[Records supplied — start]

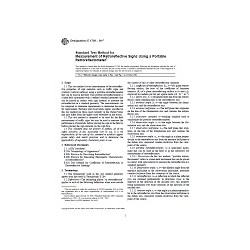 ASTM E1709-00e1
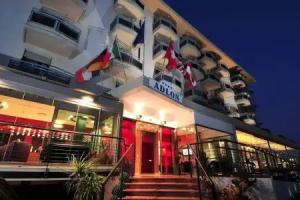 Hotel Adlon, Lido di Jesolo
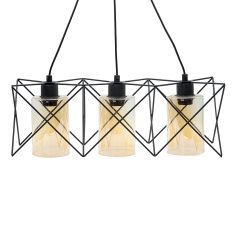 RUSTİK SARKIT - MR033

[Records supplied — finish]
[Records supplied — start]

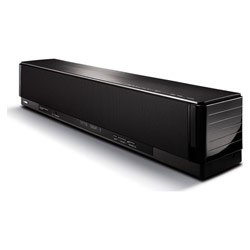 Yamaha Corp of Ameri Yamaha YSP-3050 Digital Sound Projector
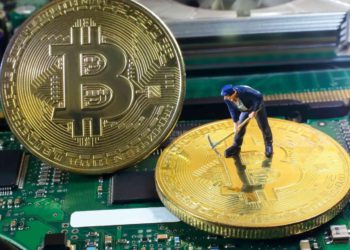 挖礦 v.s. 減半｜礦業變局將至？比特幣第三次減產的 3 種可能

[Records supplied — finish]
[Records supplied — start]

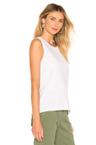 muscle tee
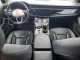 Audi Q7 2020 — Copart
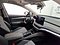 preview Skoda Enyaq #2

[Records supplied — finish]

#### [Exercise instructions]
An exact copy is needed of the entries above, starting at the line that holds "ASTM E1709-00e1" and stopping at the line that holds "RUSTİK SARKIT - MR033", both kept; pictures stay out.

#### [Solved exercise]
 ASTM E1709-00e1
 Hotel Adlon, Lido di Jesolo
 RUSTİK SARKIT - MR033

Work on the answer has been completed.